Search code examples
pythontensorflowkeraskeras-layer

Repeat keras LSTM output of all hidden states


Data:

Macro time-series with shape = (T, M) #same for all firms
Micro time-series with shape = (T, N, K) #firm-specific data

Where T is time-dimension in months, M the number of macro features, N the number of firms and K the number of micro features such as P/E ratio etc.

Task: use LSTM output, repeat it N times and concatenate with micro-data

I want to use the output of the LSTM, namely all (here H=4) hidden-states for all t in T for all firms, thus setting return_sequences=True, and repeat them N times in order to concatenate them with my micro-data, i.e. get new data with shape = (T, N, K+H)

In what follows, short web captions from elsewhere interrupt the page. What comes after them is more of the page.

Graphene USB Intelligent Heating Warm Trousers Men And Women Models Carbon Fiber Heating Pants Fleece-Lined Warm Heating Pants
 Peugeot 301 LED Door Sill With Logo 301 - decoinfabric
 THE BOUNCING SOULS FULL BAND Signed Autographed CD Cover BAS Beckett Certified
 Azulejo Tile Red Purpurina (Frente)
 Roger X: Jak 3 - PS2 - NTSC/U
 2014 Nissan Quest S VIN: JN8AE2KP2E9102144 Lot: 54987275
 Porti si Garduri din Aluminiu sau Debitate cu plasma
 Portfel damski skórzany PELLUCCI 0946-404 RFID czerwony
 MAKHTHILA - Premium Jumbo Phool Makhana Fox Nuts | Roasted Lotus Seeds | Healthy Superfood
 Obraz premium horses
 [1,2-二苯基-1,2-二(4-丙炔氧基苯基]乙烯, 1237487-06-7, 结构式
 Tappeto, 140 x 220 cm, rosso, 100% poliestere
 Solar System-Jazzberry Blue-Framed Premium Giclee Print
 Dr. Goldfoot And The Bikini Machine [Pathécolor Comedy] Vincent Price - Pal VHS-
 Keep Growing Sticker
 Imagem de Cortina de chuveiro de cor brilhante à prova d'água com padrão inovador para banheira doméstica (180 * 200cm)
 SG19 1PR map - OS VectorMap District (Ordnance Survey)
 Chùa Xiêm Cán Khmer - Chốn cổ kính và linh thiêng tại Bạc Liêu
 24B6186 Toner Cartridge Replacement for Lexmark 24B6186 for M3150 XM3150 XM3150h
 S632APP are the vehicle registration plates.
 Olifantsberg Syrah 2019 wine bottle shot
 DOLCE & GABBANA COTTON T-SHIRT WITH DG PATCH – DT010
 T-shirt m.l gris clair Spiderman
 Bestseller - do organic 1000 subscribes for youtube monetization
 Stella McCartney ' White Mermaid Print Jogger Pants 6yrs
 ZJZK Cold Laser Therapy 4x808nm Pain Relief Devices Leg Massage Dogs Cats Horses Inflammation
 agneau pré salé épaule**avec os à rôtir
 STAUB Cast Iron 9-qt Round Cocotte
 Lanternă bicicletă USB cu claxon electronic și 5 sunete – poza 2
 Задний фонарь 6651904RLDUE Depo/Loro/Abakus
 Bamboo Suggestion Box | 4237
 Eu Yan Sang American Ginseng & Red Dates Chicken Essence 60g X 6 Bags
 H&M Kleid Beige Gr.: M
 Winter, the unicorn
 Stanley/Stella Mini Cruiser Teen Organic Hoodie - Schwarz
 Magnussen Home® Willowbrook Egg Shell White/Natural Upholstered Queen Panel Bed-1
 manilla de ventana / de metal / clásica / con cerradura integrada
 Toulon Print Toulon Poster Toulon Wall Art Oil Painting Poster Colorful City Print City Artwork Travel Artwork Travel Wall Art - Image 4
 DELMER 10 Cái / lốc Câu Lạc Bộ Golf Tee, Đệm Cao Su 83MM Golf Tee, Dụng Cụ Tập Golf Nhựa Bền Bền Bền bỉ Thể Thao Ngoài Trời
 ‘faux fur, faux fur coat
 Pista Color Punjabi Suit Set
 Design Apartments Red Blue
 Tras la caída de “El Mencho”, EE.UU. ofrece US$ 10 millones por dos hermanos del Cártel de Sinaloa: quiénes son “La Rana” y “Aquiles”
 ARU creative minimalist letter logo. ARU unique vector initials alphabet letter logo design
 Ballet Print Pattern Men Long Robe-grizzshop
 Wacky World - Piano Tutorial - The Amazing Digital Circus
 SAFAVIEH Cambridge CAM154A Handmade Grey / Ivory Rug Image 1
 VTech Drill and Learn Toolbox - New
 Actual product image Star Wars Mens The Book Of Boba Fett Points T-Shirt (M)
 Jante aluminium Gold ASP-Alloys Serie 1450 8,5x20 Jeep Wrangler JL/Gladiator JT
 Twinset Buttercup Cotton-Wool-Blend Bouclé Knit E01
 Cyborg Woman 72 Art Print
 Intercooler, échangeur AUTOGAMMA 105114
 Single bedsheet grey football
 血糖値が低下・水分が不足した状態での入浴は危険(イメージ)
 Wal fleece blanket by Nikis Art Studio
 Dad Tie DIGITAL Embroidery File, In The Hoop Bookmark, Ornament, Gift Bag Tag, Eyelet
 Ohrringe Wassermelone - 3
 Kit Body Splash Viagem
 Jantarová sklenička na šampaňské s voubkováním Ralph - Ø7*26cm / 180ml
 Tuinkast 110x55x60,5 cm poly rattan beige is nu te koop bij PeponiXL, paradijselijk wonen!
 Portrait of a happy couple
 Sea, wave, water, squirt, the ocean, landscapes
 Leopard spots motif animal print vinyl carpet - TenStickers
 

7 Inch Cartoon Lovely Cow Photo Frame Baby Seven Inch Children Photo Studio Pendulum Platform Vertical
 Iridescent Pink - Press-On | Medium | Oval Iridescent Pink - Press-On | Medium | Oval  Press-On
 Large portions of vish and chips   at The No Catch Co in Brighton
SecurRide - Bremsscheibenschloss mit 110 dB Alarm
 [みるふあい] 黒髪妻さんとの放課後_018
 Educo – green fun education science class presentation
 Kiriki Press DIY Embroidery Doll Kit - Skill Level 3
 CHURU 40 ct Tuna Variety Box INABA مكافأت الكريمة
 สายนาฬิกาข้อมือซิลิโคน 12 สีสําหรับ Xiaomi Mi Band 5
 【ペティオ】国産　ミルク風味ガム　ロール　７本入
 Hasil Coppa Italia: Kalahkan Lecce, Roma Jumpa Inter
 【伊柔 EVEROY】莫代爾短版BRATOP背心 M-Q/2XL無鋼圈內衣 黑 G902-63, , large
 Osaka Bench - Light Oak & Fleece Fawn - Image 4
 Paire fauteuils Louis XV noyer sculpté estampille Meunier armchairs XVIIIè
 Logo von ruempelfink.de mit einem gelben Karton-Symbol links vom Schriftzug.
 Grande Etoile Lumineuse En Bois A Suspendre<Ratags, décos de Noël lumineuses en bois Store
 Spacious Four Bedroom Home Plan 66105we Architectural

This new data will then be reshaped to (T*N, K+H) and fed into a feed-forward neural network with a custom loss-function that applies to both neural nets and can by construction only be computed at time T, thus having batch-size=1!.

I have tried this the following way, but it doesn't work because of the dims:

from keras.layers import concatenate, Input, LSTM, RepeatVector
from keras.utils.vis_utils import plot_model
from keras.models        import Model

in_macro        = Input(shape = (T, M),         name = 'macro_input')
in_micro        = Input(shape = (T, N, K),      name = 'micro_input')

lstm            = LSTM(4, return_sequences=True)(in_macro)
rep             = RepeatVector(N)(lstm)
conc            = concatenate([in_micro, rep])
model           = Model(inputs=[in_micro,in_macro], outputs=conc)

plot_model(model, show_shapes=True)

ValueError: Input 0 is incompatible with layer repeat_vector_1: expected ndim=2, found ndim=3

Is there an efficient way to reach this goal, maybe even without the need to repeat?


Solution

  • Found a solution using Lambda layers and stack:

    from keras.layers import concatenate, Input, LSTM
    from keras.utils.vis_utils import plot_model
    from keras.models import Model
    import keras.backend as k
    
    in_macro = Input(shape=(T, M), name='macro_input')
    in_micro = Input(shape=(T, N, K), name='micro_input')
    
    lstm = LSTM(4, return_sequences=True)(in_macro)
    stack = Lambda(lambda x: k.stack(N*[x], axis=2))(lstm)
    conc = concatenate([in_micro, stack])
    model = Model(inputs=[in_micro,in_macro], outputs=conc)
    
    plot_model(model, show_shapes=True)
    

    enter image description here